# [PUBPOL/ETHSTD C164A] 5. Survey Analysis

**Notebook developed by:** <br>
Team Lead: Skye Pickett  <br>
Module Developers: Leah Hong, Emily Guo, Reynolds Zhang <br>

### Learning Outcome

In this notebook, you will apply the skills you've learned in the previous 4 notebooks and 1 future notebook to clean and conduct explatory analysis on your own survey data. We will provide guidance on importing your data and setting up basic analysis, but the rest is up to your ideas and your new coding knowledge!
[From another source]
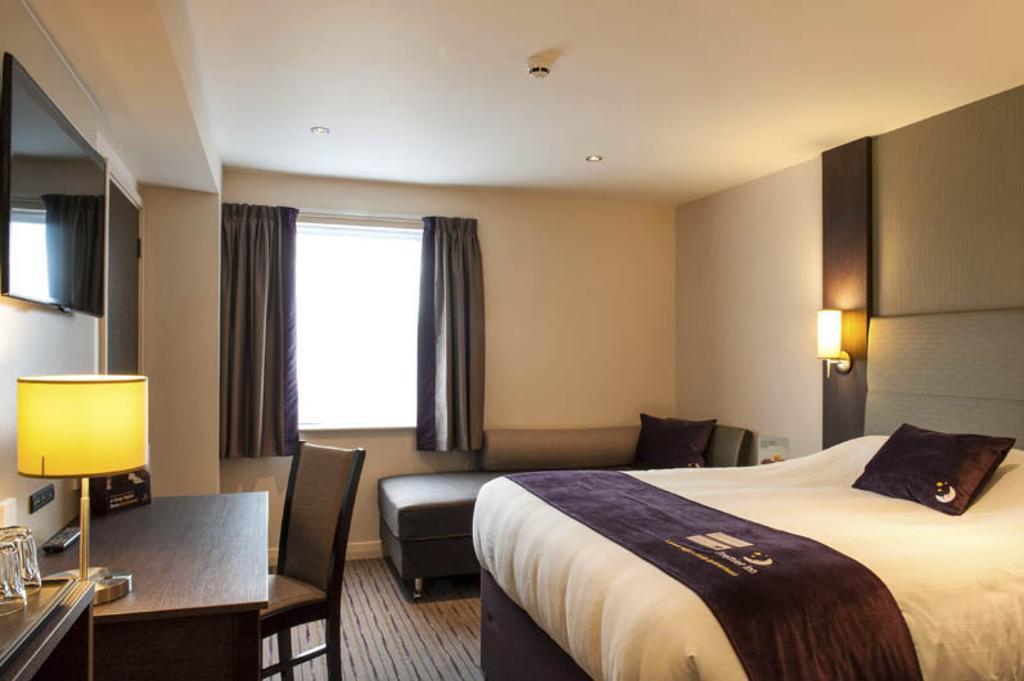 Premier Inn ดันเฟิร์มลิน ห้อง รูปภาพ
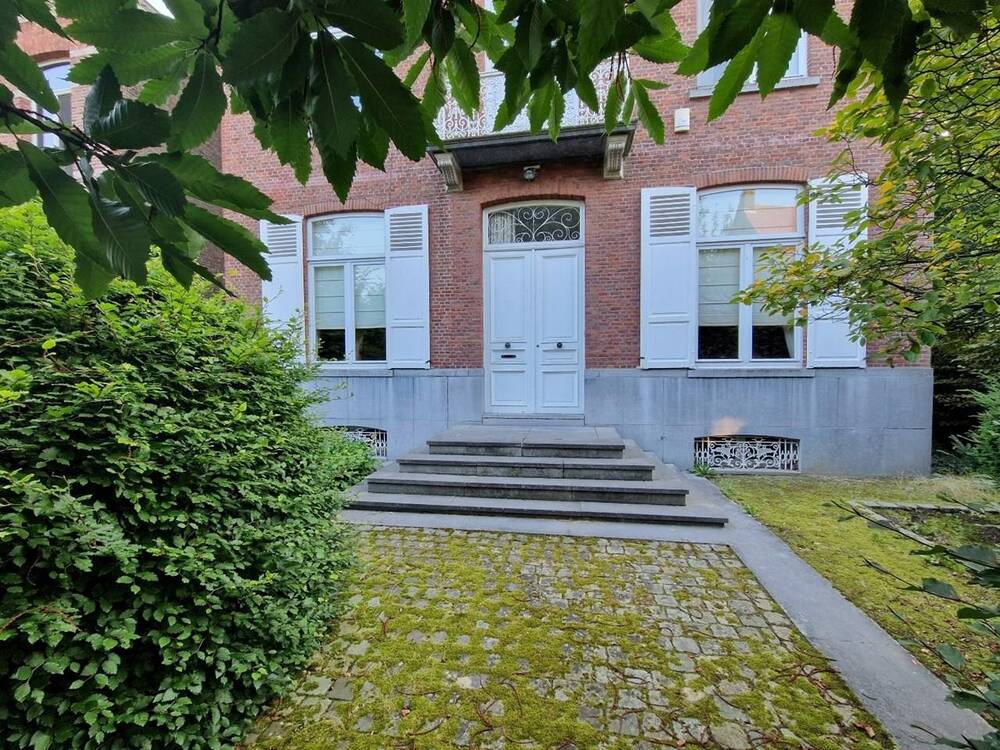 Herenhuis te  koop in Haacht 3150 850000.00€ 9 slaapkamers 450.00m² - Zoekertje 186080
Open up previous notebooks for reference and, as always, some resources are provided below.

***

### Helpful Data Science Resources 
Here are some resources you can check out while doing this notebook and to explore data visualization further!
- [DATA 8 Textbook](https://inferentialthinking.com/chapters/06/Tables.html) - Tables chapter
- [DATA 8 Textbook](https://inferentialthinking.com/chapters/07/Visualization.html) - Visualization chapter
- [DATA 8 Textbook](https://inferentialthinking.com/chapters/03/1/Expressions.html) - Expressions and Notebook 1 content
- **[Reference Sheet for the datascience Module](http://data8.org/sp22/python-reference.html)**
- [Documentation for the datascience Modules](http://data8.org/datascience/index.html)
- [Cool Data Visualizations](https://www.tableau.com/learn/articles/best-beautiful-data-visualization-examples)
- [Statistica: Find Data on Interesting Topics](https://www.statista.com/)
- [Exploratory Data Analysis](https://en.wikipedia.org/wiki/Exploratory_data_analysis)


### Peer Consulting

If you find yourself having trouble with any content in this notebook, Data Peer Consultants are an excellent resource! Click [here](https://dlab.berkeley.edu/training/frontdesk-info) to locate live help.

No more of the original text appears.